Gengis Khan, quando apoderou-se da China, mandou degolar milhões de crianças a sua frente.
Os Quóias furam as costas das vítimas a pancadas e, em seguida, cortam o corpo em pedaços, obrigando a mulheres dos mortos a comê-los.
Os irlandeses esmagam as vítimas. Os Noruegueses perfuram-lhes o crânio. Os gauleses partem-lhes a bacia. Os Celtas lhes enfiam toda a espada pelo reto.
É possível, pois, entender - sem voltar tanto no tempo - porque as manchetes dos jornais preferem exploram o prazer que a natureza deficiente do humano constantemente nos oferece:
mortes violentas, descrição detalhada de acidentes de trânsito e de agressões, subornos, sequestros e corrupções, lutas de gangues e arrivismo social, embates e debates com humilhações e agressões recíprocas, críticas literárias, reclamações e denúncias, fatalidades, descontrole econômico, incongruências políticas, revelações assustadoras, neo-liberalismo, provocações explícitas e veladas, lutas tribo-político-partidárias, mentiras, desmentidos, anúncios publicitários
O prazer inconfessável e irrefreável que leva o humano a procurar no mal os deleites mais intensos e obscenos revela e comprova que não é nas virtudes que ele se encontra solidariamente coeso: é no reconhecimento profundo e individual de que os mais reprimidos ímpetos institivos caminham inelutavelmente na direção daqueles que são considerados os mais baixos (feios, imundos, reprováveis, abomináveis) sentimentos. Quem busca conhecer-se, necessariamente deverá trilhar tal caminho se é que pretende encontrar algum tipo de resposta capaz de libertá-lo da responsabilidade do Bem e do Belo, da síndrome da busca da perfeição e das tentativas (normalmente fracassadas) de superação do mal.

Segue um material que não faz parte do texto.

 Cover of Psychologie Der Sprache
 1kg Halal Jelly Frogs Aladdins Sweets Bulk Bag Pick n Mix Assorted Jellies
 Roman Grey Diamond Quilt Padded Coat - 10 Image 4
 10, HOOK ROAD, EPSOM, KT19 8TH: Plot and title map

Como Nietzsche, somos levados a admitir que são demasiadamente humanos o sofrimento, os exageros, os paradoxos, as incrongruências, as aberrações, o pecado ( a gula, a avareza, a vaidade, o egoísmo, o ciúme, a inveja, a traição ). Emile Ciorán se pergunta se por acaso os mais intensos amores humanos vivem menos tais situações. E avançando nossas investigações chegaremos, talvez a afirmar: não é por acaso que as ideologias elegem valores anti-humanos para facilitar o aviltamento individual que conduz à subserviência. Não é também por acaso - mas por ignorância - que gastamos grande parte de nossas energias em culpa, pena, autorejeições e frustrações.

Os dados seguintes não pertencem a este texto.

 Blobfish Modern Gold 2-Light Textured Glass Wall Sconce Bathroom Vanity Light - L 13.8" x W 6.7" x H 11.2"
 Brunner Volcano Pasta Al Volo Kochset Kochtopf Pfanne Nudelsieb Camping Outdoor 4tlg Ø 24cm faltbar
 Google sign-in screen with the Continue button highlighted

O ser humano está, pois, longe de assumir sua identidade, distanciando-se, pelo repúdio, daqueles anti-valores nos quais ele se reencontraria errado, defeituoso e maleficamente bem.
Por isso, não desenvolve seus limites de suportabilidade ao mal. Por isso, acredita-se mal, estando mal; acredita-se bem, esquecendo-se de preservar um estoque inaceitável de impossibilidades para motivá-lo no caminho da superação.
Os marginalizados, os discriminados, todos aqueles banidos do meio social que insufla a utopia das virtudes sabem muito bem que a condição humana só pode ser vivida em plenitude no centro oposto dos valores do bem-sucedido.
Sabem e vivem a mais perfeita e iretocável condição humana, condição possível a quem, por opção, ou por falta dela, descobre os encantos do desencanto, o supremo mau que sustenta a utopia do bem.
O demasiadamente humano será sempre o extremamente mau.
E para nos acreditarmos gente (humano-imperfeito) faz-se urgente admitirmos uma certa loucura cultural. O que, certamente nos custará o banimento do meio daqueles que se presumem bons, belos, limpos e virtuosos.